Августин считал, что даже новорожденные младенцы, если они не успели креститься, будут осуждены на вечные муки и отправятся в ад. Это печально, но неизбежно, потому что первородный грех передается от родителей через плоть и заражает воплощающуюся в нее безгрешную душу, которая может победить эту заразу только своим благочестием, дарованным от Бога через благодать. Благодать же дается Господом через крещение, как противоядие от плотской заразы греха. Если младенец умер некрещеным, значит, Бог предвидел, что в будущем он вел бы неправедную и порочную жизнь, несмотря на крещение. Вообще, каждый человек будет судим не только за совершенные им поступки, но и за те, которые он мог бы совершить, если бы прожил очень долгую жизнь. Поэтому, даже если человек умер в возрасте трех дней крещеным и сразу после крещения, не успев ни в чем согрешить, это еще не значит, что он будет спасен: ибо одному Богу известно, как он мог бы согрешить в дальнейшем.
Некоторые из вопросов, поднятых Августином, в его эпоху не рассматривались никем, кроме него. В их числе был вопрос о природе времени, который философы и богословы почти не затрагивали со времен элейцев и Аристотеля. Августин очень увлекался этой темой, говоря, что хорошо понимает, что такое время, но только до тех пор, пока об этом не задумывается. Время настолько парадоксальное понятие, что, рассуждая логически, можно прийти к выводу, что его вообще не существует: прошлого уже нет, будущего еще нет, а настоящее мгновенно исчезает, превращаясь в прошлое.

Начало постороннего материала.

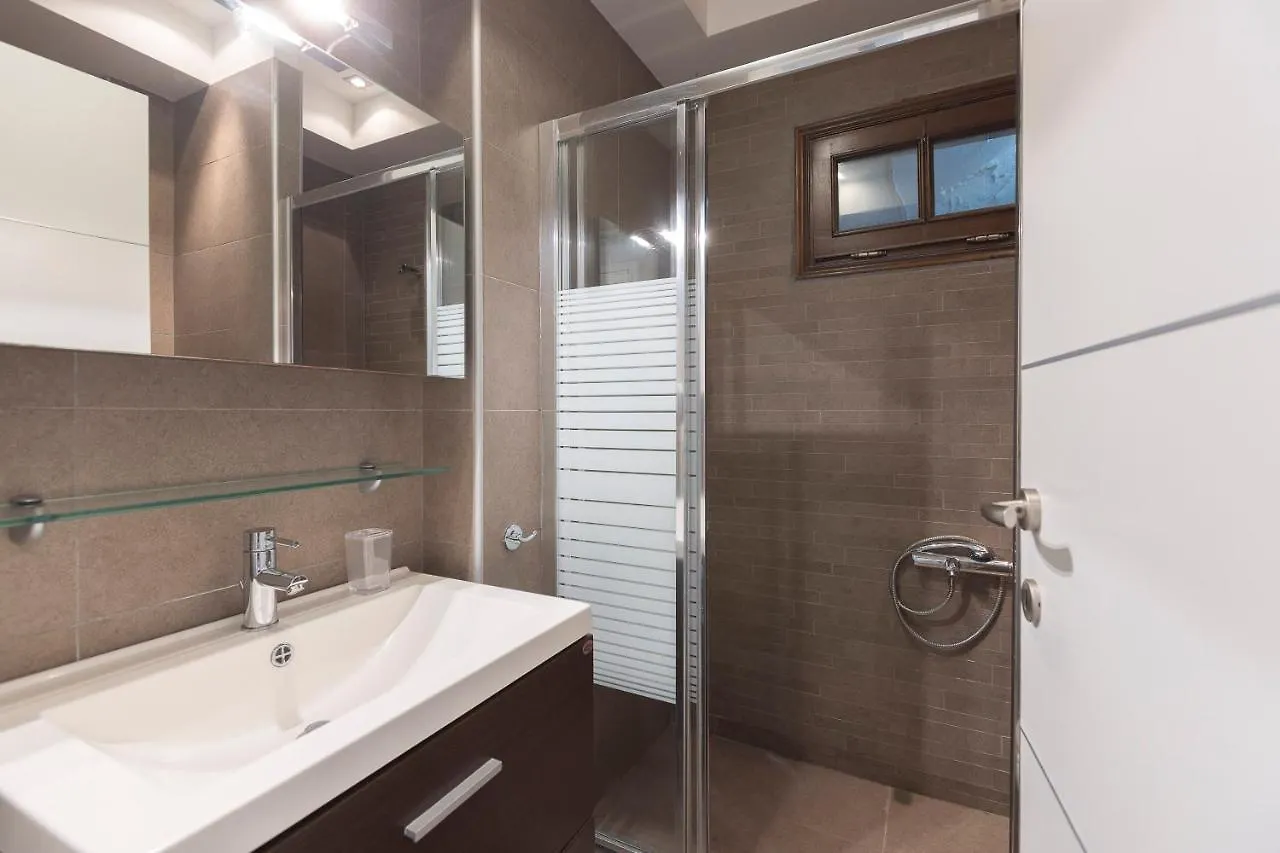 Coconut & Vanilla & Pineapple Pool Apartments #Feelslikehome Kriopigi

Августин сделал заключение, что время существует только в сознании человека, как средство измерения впечатлений, поэтому оно всегда находится в настоящем: нет ни прошлого, ни будущего, а только настоящее прошедшего и настоящее будущего. Августин видел в этом свидетельство зыбкости и иллюзорности мира, которому он противопоставлял вечное и неизменное существование Бога.